Accordingly, research has centered on drug treatments to battle the disease. But every anticipated breakthrough thus far has failed. With billions of potential dollars at stake, major drug companies have spent heavily on research, to no avail.
“The data are pretty soft on a lot of things,” says Dr. Ronald Petersen, director of the Mayo Clinic Alzheimer’s Disease Research Center, “so that was discouraging for the field and discouraging for the general public.”
Top Ways to Lower Blood Pressure Without DrugsAlthough study participants were able to make use of medications, there’s plenty you can do to keep your blood pressure in a safe range without resorting to drugs. From the Mayo Clinic, here are 10 ways to maintain a healthy blood pressure:
SPRINT MIND Results
“It’s one of the first real demonstrations of a lifestyle modification having an impact on late-life cognition,” says Petersen, who was not involved in the study.
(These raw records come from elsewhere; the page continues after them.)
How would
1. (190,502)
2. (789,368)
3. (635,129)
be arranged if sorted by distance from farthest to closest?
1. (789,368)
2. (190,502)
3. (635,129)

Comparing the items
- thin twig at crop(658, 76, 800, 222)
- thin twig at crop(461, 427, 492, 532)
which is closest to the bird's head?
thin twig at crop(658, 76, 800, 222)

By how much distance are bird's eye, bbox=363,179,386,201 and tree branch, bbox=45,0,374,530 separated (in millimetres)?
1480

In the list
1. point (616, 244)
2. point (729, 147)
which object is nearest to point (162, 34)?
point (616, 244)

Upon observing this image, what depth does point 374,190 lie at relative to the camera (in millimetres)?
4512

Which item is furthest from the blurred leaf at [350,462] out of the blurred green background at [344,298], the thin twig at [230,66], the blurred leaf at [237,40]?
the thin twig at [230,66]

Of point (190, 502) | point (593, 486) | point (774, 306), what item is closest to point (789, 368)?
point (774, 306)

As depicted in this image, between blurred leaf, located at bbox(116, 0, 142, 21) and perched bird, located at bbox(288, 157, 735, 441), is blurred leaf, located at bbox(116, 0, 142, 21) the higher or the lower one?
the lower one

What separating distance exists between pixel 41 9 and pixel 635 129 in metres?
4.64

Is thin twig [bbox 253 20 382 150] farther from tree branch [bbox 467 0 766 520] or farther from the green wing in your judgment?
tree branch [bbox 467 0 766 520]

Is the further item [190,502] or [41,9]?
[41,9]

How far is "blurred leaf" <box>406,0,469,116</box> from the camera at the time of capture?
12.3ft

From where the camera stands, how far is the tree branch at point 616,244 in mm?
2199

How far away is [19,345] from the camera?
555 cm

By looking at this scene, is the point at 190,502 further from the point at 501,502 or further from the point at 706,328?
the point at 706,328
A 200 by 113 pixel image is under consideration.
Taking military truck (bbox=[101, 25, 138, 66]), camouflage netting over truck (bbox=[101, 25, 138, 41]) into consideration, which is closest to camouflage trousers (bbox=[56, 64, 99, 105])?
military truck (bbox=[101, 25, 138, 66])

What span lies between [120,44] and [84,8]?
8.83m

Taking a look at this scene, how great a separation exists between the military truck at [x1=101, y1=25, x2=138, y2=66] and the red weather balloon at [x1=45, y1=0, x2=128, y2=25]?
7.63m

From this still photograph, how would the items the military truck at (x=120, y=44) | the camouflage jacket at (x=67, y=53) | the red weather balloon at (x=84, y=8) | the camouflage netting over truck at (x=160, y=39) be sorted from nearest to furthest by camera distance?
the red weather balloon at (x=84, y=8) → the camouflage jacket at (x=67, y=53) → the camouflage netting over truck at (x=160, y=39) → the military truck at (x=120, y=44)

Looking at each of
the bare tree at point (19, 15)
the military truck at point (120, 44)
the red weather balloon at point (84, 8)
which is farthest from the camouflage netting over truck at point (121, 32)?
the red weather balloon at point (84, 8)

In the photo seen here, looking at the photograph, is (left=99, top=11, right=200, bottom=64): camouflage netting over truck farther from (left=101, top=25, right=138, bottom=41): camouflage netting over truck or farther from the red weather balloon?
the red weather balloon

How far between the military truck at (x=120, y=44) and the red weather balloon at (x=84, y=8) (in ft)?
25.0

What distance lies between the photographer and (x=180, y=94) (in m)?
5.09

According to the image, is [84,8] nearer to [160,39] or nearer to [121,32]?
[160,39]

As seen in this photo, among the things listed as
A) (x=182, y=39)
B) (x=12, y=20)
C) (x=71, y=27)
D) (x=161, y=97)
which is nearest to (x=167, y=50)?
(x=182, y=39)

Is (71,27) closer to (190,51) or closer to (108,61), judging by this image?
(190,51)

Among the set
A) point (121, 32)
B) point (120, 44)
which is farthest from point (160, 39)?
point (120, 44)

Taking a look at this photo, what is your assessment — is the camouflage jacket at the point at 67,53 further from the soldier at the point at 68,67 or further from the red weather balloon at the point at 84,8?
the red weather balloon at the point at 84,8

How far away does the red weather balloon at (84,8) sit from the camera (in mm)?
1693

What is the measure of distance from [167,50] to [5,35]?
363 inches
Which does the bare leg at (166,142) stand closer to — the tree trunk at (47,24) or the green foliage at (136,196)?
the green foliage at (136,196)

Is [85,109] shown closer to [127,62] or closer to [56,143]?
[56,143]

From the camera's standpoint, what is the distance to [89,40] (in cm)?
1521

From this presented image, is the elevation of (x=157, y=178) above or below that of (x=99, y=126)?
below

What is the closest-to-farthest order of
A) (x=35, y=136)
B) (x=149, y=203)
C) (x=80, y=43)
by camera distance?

The aim of the trial was to lower systolic blood pressure to a target of 120 mm Hg or lower over 3.2 years among a group of people with cardiovascular risk factors. High blood pressure is generally defined as a systolic pressure of 130 or greater. Pressure of 120 to 130 is considered elevated, while normal pressure is 120 or less.
Lowering blood pressure alone reduced the risk of mild cognitive impairment by 19 percent and probable all-cause dementia by 17 percent in study participants who achieved 120 mm Hg or less. No amyloid-targeting investigational drug has ever approached this magnitude of benefit. However, Dr. Sanjay Kaul at Cedars Sinai cautions that it’s not as impressive as it sounds. Kaul calculates that the absolute risk reduction was only 1.34 percent for MCI.
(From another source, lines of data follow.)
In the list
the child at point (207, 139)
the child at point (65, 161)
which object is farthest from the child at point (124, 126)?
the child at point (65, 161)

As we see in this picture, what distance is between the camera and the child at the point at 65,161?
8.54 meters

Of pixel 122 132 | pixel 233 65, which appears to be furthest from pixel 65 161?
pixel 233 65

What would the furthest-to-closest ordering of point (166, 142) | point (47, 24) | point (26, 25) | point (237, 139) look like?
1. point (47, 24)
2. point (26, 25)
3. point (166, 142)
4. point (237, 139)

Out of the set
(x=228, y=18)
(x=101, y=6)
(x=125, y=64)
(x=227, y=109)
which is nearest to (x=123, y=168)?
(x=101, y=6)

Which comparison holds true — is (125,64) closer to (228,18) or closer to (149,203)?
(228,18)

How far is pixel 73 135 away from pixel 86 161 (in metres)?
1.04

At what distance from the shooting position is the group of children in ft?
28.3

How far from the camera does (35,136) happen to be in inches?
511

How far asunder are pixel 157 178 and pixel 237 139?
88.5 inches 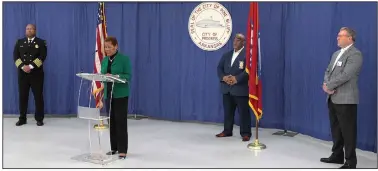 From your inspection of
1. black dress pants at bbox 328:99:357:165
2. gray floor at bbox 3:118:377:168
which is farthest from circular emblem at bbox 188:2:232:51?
black dress pants at bbox 328:99:357:165

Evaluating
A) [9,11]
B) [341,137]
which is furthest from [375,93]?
[9,11]

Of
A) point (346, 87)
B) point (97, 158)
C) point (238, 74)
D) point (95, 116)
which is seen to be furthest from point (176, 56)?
point (346, 87)

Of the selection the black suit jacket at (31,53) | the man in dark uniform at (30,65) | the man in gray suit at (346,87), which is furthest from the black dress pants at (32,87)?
the man in gray suit at (346,87)

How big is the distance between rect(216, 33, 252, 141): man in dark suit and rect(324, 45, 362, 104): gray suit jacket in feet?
4.82

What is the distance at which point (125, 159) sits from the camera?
4.29 metres

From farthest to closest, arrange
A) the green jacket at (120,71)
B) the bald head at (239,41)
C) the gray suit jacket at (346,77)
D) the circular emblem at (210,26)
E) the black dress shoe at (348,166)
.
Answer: the circular emblem at (210,26) → the bald head at (239,41) → the green jacket at (120,71) → the black dress shoe at (348,166) → the gray suit jacket at (346,77)

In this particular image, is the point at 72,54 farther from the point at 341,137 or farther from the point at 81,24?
the point at 341,137

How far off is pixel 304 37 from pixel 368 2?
1.02 m

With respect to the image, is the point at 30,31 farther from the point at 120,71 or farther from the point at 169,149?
the point at 169,149

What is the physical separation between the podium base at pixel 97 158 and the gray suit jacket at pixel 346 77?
2.09 meters

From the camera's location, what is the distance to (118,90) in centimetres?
412

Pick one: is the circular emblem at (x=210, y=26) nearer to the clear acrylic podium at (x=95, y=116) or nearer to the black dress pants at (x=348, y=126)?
the clear acrylic podium at (x=95, y=116)

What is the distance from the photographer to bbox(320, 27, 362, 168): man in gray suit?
3783mm

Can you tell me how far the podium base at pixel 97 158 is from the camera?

The results do “not represent a robust effect,” says Kaul. “However, this has to be interpreted in the context of lack of treatment effect on this outcome with currently available interventions and the relatively short duration of treatment exposure. So, promising data, but not the whole enchilada, as spun by trial investigators.”
The good news gets better. The class of drugs used to lower blood pressure had no effect. Cheap generics performed just as well as name brands. Men and women were equally benefited, and race had no impact. Finally, lowering systolic pressure in those older than 75 provided just as much benefit as it did for younger test subjects.
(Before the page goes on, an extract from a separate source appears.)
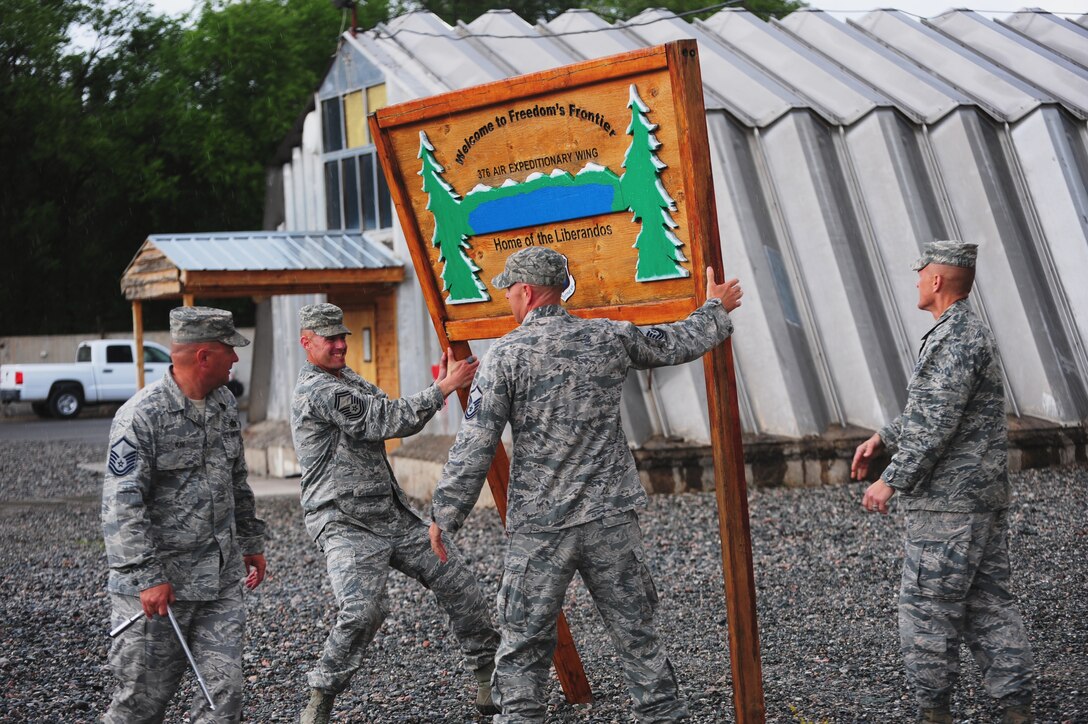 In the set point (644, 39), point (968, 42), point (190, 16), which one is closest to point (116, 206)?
point (190, 16)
The rigorous, randomized study involved a sizeable group, including 9,300 elderly adults with heart problems or at risk of developing heart disease. Participants were randomly told to lower their systolic pressure to either less than 120 mm Hg or less than 140 mm Hg. The group was tested over an average of three years on different cognitive abilities, including memory and processing new information.
Lead study author Dr. Jeff Williamson reports that biologically, it doesn’t seem like blood pressure would affect dementia. He makes a comparison between air pressure in your tires, and blood pressure: neither should be too high or too low. “Over time, high blood pressure can damage the walls of very fragile arteries that deliver blood to the brain and other organs,” he says. “And that can produce some of the things we see associated with dementia: inflammation and small strokes.”
Time will Tell
Still, it’s the first time a large study has shown we may each have some control over whether or not we get dementia. “This provides great encouragement for people to say, yes, make sure your blood pressure is well controlled, because right now, it’s one of the things you can do,” says Williamson. “This opens the door to testing more interventions.”